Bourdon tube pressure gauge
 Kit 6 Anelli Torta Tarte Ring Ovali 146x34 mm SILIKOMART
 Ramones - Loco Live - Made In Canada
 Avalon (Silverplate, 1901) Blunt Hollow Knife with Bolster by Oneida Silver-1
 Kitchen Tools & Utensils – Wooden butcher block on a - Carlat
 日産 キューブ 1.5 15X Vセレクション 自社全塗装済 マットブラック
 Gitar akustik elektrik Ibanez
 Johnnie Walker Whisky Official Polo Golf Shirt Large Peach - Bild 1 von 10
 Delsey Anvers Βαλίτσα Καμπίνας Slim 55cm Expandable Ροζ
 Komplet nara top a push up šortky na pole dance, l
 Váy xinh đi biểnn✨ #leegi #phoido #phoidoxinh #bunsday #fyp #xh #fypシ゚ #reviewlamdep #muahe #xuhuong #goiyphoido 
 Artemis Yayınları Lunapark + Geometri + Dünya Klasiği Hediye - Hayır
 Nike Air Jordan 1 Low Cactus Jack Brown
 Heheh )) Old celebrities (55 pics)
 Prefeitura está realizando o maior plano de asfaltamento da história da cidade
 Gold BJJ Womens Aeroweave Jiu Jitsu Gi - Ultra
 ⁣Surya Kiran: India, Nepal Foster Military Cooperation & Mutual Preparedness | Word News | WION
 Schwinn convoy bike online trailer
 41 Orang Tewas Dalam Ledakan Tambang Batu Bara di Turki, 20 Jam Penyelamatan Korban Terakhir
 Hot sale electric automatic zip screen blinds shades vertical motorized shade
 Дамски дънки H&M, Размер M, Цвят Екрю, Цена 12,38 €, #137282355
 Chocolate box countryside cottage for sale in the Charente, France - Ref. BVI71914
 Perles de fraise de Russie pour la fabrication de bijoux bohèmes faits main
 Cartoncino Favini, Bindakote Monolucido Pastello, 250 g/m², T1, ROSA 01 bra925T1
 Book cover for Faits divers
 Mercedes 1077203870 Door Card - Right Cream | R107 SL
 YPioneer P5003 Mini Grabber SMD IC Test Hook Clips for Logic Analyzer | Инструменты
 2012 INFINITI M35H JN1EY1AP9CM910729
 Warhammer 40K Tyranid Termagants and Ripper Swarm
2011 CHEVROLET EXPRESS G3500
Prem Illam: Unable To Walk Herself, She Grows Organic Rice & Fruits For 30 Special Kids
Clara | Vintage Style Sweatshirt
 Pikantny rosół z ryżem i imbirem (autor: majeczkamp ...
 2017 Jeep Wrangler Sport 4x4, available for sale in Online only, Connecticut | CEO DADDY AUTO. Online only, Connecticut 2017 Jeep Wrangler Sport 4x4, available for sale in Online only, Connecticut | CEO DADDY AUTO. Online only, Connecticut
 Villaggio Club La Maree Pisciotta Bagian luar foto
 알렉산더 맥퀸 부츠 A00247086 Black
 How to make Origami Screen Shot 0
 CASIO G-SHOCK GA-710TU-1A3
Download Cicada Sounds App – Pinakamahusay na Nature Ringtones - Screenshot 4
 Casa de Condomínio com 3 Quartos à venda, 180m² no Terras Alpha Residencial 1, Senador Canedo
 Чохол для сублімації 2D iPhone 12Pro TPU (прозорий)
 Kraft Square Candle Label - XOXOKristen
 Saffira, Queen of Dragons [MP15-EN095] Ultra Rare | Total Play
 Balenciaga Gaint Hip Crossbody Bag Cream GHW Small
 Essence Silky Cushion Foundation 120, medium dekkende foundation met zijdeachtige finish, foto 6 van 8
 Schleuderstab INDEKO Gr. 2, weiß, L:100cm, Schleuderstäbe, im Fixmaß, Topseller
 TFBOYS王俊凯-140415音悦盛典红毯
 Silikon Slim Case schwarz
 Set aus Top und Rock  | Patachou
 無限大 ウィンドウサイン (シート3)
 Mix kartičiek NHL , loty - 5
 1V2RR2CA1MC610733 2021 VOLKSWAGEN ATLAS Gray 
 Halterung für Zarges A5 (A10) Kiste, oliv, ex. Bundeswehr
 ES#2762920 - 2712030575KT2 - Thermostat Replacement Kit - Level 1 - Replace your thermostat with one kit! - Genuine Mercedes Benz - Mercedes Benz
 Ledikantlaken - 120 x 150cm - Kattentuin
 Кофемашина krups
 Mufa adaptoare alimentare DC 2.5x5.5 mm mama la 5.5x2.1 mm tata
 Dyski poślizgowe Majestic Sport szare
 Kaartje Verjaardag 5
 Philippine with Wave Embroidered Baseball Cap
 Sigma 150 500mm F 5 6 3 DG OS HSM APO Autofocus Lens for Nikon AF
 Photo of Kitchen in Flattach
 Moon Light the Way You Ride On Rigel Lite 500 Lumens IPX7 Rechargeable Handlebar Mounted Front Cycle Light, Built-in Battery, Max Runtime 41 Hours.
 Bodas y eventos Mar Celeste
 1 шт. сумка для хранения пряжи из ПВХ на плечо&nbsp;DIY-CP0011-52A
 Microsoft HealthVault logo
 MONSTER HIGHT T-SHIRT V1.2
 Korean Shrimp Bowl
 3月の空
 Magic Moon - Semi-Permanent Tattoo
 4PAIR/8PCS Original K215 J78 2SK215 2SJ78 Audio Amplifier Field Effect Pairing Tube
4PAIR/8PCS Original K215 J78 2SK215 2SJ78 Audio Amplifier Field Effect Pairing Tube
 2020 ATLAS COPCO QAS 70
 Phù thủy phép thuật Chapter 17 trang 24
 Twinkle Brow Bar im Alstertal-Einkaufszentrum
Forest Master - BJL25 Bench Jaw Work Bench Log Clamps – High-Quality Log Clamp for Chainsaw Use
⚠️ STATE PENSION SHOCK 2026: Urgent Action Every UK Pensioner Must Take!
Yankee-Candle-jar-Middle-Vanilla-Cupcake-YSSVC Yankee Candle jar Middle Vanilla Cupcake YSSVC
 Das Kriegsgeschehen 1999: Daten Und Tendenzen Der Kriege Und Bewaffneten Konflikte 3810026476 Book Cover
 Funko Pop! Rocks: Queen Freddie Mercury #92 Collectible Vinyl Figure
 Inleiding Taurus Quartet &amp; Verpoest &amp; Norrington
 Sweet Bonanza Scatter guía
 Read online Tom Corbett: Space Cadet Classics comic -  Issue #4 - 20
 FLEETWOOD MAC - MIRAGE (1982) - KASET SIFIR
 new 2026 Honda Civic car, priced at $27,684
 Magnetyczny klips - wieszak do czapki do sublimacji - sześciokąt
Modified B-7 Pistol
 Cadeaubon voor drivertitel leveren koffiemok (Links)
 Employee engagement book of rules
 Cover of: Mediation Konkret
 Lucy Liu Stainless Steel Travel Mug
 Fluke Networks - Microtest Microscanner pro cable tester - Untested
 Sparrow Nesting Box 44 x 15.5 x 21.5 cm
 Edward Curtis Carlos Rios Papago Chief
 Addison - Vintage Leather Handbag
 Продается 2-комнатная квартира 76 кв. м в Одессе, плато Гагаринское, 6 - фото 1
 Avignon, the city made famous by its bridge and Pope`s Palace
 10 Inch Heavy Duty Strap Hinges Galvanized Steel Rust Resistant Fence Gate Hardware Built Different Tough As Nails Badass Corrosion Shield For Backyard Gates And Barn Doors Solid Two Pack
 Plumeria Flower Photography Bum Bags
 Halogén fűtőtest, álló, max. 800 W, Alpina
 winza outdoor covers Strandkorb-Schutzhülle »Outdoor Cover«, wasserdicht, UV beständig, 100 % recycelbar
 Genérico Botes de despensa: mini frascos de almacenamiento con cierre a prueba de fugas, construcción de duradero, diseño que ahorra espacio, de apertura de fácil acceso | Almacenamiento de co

──────────────────────────────

TASK BRIEF: Set down, exactly as they appear, the lines above from the first one to the line that holds "Heheh )) Old celebrities (55 pics)", both included, please, and no others.

REPLY:
Bourdon tube pressure gauge
 Kit 6 Anelli Torta Tarte Ring Ovali 146x34 mm SILIKOMART
 Ramones - Loco Live - Made In Canada
 Avalon (Silverplate, 1901) Blunt Hollow Knife with Bolster by Oneida Silver-1
 Kitchen Tools & Utensils – Wooden butcher block on a - Carlat
 日産 キューブ 1.5 15X Vセレクション 自社全塗装済 マットブラック
 Gitar akustik elektrik Ibanez
 Johnnie Walker Whisky Official Polo Golf Shirt Large Peach - Bild 1 von 10
 Delsey Anvers Βαλίτσα Καμπίνας Slim 55cm Expandable Ροζ
 Komplet nara top a push up šortky na pole dance, l
 Váy xinh đi biểnn✨ #leegi #phoido #phoidoxinh #bunsday #fyp #xh #fypシ゚ #reviewlamdep #muahe #xuhuong #goiyphoido 
 Artemis Yayınları Lunapark + Geometri + Dünya Klasiği Hediye - Hayır
 Nike Air Jordan 1 Low Cactus Jack Brown
 Heheh )) Old celebrities (55 pics)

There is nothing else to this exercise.